I dati dicono infatti che tra gennaio e agosto di quest'anno gli arrivi in Veneto sono complessivamente aumentati del 2,1% rispetto allo stesso periodo dell'anno precedente, per un totale di 12.145.046 turisti, dei quali il 65,9% provenienti dall'estero. E anche il dato delle presenze è di segno positivo: +0,2%. In numeri assoluti questo significa 48.575.178 pernottamenti registrati, dei quali il 66,5% generato da ospiti stranieri.
"Il dato in territorio positivo diventa ancora più significativo se consideriamo i soli mesi estivi, che rappresentano il fulcro del turismo del Veneto" spiega Finozzi. "Nel periodo giugno-agosto (ci mancano ancora i dati ufficiali di settembre, ma il quadro difficilmente potrà mutare), gli arrivi in Veneto sono cresciuti dell'1,2% rispetto agli stessi mesi del 2013, per un totale di 7.198.608 ospiti che sono giunti nel nostro territorio, dei quali oltre il 70% dall'estero". I pernottamenti nel medesimo trimestre hanno toccato quota 35.029.213, con un aumento dell'1% netto rispetto all'estate dello scorso anno, dei quali oltre il 68% generati da turisti stranieri. "Per inciso" specifica l'assessore regionale, "nel mese di agosto si sono registrati 2.698.319 arrivi di turisti (pari a +0,9% rispetto allo stesso mese dell'anno precedente) e 14.024.212 presenze (pari a -0,8% rispetto allo stesso mese dell'anno precedente)".

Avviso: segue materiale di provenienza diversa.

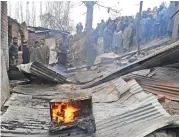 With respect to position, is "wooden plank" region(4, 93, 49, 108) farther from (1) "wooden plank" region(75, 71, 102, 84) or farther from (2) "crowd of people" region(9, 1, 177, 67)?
(2) "crowd of people" region(9, 1, 177, 67)

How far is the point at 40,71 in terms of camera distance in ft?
27.6

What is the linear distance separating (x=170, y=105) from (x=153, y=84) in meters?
1.55

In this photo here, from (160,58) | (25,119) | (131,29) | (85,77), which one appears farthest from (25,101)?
(131,29)

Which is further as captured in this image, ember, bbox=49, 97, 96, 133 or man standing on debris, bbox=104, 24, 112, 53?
man standing on debris, bbox=104, 24, 112, 53

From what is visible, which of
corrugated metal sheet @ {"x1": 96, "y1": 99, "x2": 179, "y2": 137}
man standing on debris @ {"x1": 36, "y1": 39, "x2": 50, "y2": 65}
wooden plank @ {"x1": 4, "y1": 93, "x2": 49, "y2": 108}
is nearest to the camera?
corrugated metal sheet @ {"x1": 96, "y1": 99, "x2": 179, "y2": 137}

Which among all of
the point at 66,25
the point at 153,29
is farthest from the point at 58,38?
the point at 153,29

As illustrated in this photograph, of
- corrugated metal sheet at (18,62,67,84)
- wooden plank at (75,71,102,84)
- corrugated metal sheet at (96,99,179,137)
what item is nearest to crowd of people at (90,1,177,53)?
wooden plank at (75,71,102,84)

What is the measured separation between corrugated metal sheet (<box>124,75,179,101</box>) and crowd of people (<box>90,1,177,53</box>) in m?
7.97

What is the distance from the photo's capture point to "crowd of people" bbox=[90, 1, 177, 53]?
15.3 metres

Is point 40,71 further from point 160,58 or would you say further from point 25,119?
point 160,58

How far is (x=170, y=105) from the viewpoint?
5.54 metres

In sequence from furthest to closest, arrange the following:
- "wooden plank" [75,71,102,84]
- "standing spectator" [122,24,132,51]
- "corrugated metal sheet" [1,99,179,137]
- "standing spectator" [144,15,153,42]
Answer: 1. "standing spectator" [122,24,132,51]
2. "standing spectator" [144,15,153,42]
3. "wooden plank" [75,71,102,84]
4. "corrugated metal sheet" [1,99,179,137]

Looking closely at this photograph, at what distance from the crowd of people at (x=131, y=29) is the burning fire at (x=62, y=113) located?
36.0 feet

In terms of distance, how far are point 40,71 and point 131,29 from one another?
9916mm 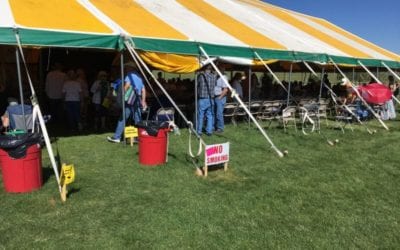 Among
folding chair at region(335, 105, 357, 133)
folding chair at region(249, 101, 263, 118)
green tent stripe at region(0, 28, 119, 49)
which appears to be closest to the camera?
green tent stripe at region(0, 28, 119, 49)

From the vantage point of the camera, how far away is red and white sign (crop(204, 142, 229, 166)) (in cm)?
604

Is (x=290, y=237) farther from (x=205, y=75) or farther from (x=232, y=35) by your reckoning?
(x=232, y=35)

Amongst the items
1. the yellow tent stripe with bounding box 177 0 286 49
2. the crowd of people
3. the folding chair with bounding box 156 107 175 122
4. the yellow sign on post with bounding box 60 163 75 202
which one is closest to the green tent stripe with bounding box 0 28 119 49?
the crowd of people

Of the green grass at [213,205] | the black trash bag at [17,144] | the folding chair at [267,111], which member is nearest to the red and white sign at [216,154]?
the green grass at [213,205]

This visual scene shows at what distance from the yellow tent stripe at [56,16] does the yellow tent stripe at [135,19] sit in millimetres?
541

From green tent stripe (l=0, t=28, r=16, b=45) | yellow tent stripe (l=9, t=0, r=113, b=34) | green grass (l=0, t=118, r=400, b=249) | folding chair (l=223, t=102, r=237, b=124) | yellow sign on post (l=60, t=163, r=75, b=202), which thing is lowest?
green grass (l=0, t=118, r=400, b=249)

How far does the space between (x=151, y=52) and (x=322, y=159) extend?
376 centimetres

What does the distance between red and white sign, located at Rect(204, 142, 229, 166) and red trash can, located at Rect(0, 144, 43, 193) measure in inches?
87.2

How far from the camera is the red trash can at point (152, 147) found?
6.50 m

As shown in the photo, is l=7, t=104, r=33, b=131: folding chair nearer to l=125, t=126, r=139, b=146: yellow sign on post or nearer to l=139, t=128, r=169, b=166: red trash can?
l=125, t=126, r=139, b=146: yellow sign on post

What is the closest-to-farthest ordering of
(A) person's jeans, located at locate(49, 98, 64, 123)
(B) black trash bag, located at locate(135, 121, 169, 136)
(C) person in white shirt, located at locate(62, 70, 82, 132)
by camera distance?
(B) black trash bag, located at locate(135, 121, 169, 136) → (C) person in white shirt, located at locate(62, 70, 82, 132) → (A) person's jeans, located at locate(49, 98, 64, 123)

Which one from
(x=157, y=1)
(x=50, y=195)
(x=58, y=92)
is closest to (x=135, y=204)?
(x=50, y=195)

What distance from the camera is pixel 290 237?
4.14 metres

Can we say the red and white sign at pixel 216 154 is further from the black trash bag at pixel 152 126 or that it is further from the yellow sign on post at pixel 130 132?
the yellow sign on post at pixel 130 132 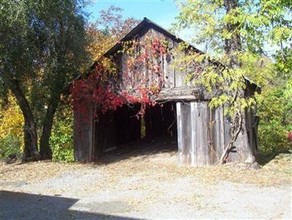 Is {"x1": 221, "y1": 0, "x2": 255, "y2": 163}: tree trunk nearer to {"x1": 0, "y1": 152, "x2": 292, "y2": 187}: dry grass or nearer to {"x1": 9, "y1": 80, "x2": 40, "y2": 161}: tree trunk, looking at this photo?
{"x1": 0, "y1": 152, "x2": 292, "y2": 187}: dry grass

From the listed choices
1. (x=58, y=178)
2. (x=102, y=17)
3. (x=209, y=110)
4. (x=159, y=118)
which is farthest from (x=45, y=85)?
(x=102, y=17)

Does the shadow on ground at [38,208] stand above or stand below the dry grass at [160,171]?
below

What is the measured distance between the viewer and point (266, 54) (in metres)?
11.9

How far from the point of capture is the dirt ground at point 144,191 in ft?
27.4

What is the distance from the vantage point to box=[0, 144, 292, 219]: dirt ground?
834 centimetres

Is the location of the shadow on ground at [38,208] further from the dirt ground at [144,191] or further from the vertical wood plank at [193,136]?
the vertical wood plank at [193,136]

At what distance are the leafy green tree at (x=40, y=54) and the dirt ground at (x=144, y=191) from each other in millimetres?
2421

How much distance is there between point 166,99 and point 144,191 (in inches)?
189

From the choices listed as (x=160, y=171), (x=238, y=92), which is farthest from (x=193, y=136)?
(x=238, y=92)

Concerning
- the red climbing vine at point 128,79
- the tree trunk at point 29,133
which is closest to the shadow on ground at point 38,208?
the red climbing vine at point 128,79

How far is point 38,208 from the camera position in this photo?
29.8ft

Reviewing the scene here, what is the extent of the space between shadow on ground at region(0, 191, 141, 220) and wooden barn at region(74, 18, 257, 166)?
553 cm

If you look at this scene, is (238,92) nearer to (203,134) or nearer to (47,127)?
(203,134)

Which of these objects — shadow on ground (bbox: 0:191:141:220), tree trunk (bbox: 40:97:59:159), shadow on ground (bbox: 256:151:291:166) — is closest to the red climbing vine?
tree trunk (bbox: 40:97:59:159) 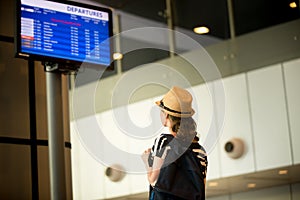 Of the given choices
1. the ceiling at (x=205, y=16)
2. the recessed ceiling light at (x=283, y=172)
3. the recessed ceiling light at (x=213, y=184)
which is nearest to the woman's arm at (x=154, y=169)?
the ceiling at (x=205, y=16)

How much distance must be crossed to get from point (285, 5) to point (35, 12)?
389 centimetres

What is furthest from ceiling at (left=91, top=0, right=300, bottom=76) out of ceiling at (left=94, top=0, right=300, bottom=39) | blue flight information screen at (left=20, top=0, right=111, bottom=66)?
blue flight information screen at (left=20, top=0, right=111, bottom=66)

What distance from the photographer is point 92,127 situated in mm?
4898

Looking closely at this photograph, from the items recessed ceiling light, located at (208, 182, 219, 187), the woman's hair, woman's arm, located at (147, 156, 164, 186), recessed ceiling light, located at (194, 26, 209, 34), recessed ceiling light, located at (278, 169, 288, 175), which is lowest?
woman's arm, located at (147, 156, 164, 186)

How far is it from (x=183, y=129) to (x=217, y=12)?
4.07 metres

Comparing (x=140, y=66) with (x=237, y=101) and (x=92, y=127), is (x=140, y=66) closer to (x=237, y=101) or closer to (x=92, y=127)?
(x=237, y=101)

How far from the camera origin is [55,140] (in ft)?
14.1

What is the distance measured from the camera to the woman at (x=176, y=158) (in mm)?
4109

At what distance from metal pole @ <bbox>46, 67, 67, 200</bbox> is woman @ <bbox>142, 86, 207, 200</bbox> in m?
0.55

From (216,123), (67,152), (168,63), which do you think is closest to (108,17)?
(67,152)

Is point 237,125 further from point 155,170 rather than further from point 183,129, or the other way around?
point 155,170

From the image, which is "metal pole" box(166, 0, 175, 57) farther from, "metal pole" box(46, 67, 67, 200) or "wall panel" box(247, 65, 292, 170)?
"metal pole" box(46, 67, 67, 200)

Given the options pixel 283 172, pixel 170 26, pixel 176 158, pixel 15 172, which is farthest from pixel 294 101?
pixel 15 172

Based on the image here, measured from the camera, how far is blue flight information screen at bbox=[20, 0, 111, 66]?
435 cm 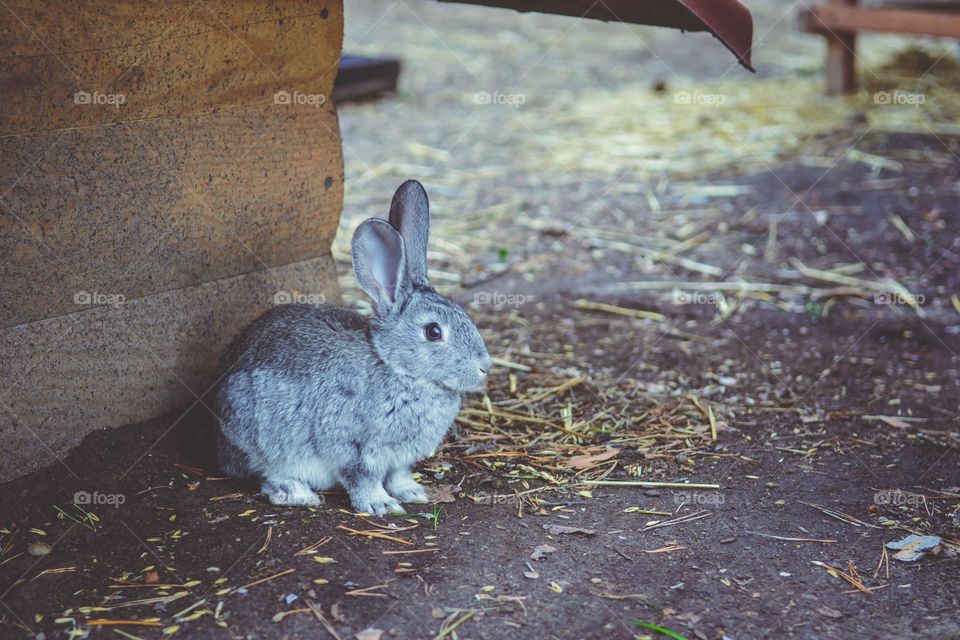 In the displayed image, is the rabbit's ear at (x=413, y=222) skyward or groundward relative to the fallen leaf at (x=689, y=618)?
skyward

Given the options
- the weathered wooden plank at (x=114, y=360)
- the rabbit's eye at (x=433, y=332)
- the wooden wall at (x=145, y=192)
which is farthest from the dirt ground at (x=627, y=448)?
the rabbit's eye at (x=433, y=332)

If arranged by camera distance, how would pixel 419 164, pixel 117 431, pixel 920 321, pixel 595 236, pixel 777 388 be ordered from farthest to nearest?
pixel 419 164, pixel 595 236, pixel 920 321, pixel 777 388, pixel 117 431

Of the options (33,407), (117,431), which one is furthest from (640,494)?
(33,407)

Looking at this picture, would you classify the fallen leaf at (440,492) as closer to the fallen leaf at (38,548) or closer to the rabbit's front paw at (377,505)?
the rabbit's front paw at (377,505)

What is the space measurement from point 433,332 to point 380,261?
1.18 feet

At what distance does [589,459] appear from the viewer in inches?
176

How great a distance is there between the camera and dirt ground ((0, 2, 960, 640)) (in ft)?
11.0

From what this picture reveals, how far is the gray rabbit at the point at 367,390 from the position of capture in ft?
13.2

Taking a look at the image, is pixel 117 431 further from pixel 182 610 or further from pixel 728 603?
pixel 728 603

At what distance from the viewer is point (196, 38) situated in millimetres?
4090

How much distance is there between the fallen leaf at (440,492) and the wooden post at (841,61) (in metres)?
7.71

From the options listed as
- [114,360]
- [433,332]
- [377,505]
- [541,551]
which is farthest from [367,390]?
[114,360]

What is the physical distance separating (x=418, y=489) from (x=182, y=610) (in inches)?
46.3

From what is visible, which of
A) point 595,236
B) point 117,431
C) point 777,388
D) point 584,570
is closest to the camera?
point 584,570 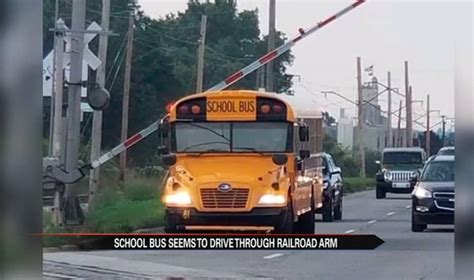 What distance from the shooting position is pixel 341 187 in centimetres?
1466

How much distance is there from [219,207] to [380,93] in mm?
1108

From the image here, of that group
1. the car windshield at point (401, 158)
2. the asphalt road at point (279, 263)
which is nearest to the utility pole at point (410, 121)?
the car windshield at point (401, 158)

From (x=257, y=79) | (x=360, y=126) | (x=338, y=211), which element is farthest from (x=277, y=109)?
(x=338, y=211)

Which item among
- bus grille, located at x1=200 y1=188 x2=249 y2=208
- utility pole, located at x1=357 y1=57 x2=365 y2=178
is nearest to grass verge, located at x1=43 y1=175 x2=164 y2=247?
bus grille, located at x1=200 y1=188 x2=249 y2=208

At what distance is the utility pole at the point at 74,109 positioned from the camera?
14.2 m

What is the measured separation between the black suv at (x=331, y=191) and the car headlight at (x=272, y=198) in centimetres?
28

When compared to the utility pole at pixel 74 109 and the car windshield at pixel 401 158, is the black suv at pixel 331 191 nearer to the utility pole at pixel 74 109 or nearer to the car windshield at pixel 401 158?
the car windshield at pixel 401 158

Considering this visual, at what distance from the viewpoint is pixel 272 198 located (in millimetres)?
14375

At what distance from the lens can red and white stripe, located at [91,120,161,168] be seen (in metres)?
14.2

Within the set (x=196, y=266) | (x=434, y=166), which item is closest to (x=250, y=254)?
(x=196, y=266)

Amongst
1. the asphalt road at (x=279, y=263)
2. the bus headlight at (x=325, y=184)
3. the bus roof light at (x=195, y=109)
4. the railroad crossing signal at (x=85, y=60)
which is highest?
the railroad crossing signal at (x=85, y=60)

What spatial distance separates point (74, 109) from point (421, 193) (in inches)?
83.7

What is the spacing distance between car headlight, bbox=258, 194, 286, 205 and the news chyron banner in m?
0.26

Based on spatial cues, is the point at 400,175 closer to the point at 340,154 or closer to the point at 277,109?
the point at 340,154
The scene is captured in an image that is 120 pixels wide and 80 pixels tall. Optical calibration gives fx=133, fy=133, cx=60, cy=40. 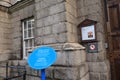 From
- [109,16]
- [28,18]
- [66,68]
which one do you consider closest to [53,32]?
[66,68]

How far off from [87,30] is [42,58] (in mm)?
2129

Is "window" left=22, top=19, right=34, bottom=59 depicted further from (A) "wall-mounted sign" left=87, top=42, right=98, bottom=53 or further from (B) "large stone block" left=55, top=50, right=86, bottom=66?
(A) "wall-mounted sign" left=87, top=42, right=98, bottom=53

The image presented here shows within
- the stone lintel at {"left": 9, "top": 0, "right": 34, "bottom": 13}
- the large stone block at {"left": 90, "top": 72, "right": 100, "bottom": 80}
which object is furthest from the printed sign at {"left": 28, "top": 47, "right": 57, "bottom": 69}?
the stone lintel at {"left": 9, "top": 0, "right": 34, "bottom": 13}

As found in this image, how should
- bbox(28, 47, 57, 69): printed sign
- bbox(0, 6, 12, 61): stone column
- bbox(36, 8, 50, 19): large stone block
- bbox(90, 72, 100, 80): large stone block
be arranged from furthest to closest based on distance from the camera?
1. bbox(0, 6, 12, 61): stone column
2. bbox(36, 8, 50, 19): large stone block
3. bbox(90, 72, 100, 80): large stone block
4. bbox(28, 47, 57, 69): printed sign

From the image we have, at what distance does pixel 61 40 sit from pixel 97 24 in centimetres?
133

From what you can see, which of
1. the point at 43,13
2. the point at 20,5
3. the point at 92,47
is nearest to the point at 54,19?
the point at 43,13

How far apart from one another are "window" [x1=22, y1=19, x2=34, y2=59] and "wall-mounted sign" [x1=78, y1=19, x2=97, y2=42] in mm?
2537

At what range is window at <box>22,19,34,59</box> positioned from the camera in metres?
6.21

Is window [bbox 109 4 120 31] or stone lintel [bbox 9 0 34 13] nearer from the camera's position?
window [bbox 109 4 120 31]

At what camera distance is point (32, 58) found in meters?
3.12

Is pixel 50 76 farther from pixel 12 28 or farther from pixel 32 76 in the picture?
pixel 12 28

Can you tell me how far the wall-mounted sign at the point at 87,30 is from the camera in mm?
4391

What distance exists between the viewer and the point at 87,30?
4.50 meters

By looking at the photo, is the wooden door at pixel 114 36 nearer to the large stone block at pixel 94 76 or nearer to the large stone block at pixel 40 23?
the large stone block at pixel 94 76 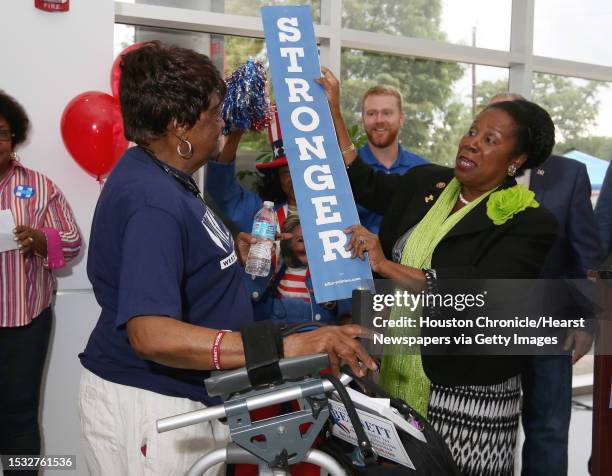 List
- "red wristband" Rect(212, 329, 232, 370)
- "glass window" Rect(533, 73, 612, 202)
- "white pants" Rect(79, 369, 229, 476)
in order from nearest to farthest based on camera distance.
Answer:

"Questi numeri, che ci confermano abbondantemente come prima regione turistica d'Italia, sono in assoluta controtendenza con quanto registrato nel resto del Paese e, appunto, ci fanno ben sperare per il futuro anche se non possono essere considerati rappresentativi della redditività delle imprese, sia perché il maltempo ha condizionato qualità e tipo di spesa, sia perché sono il frutto di una politica di sconti suggerita agli operatori proprio da un andamento climatico impazzito" ha quindi chiarito Finozzi.
"I dati però evidenziano anche alcuni motivi di forte preoccupazione" ha ricordato l'assessore "in relazione al tipo di offerta turistica proposta. A fronte di una tenuta a denti stretti del settore balneare, dove le presenze calano dell'1,1% nei primi otto mesi dell'anno e dove si è registrato oltre il 44% dei pernottamenti complessivi, crescono infatti i segmenti delle città d'arte (+4,1%), il lago di Garda (+0,9%) e soprattutto le terme (+2,8%)".
"Ma ci troviamo di fronte ad un calo pesante del turismo montano" denuncia il responsabile del turismo in Giunta regionale "dove calano del 5,4% gli arrivi e addirittura dell'8,4% le presenze. Si tratta di un vero e proprio tracollo al quale dobbiamo trovare rimedio, noi assieme agli enti e alle strutture locali e agli operatori".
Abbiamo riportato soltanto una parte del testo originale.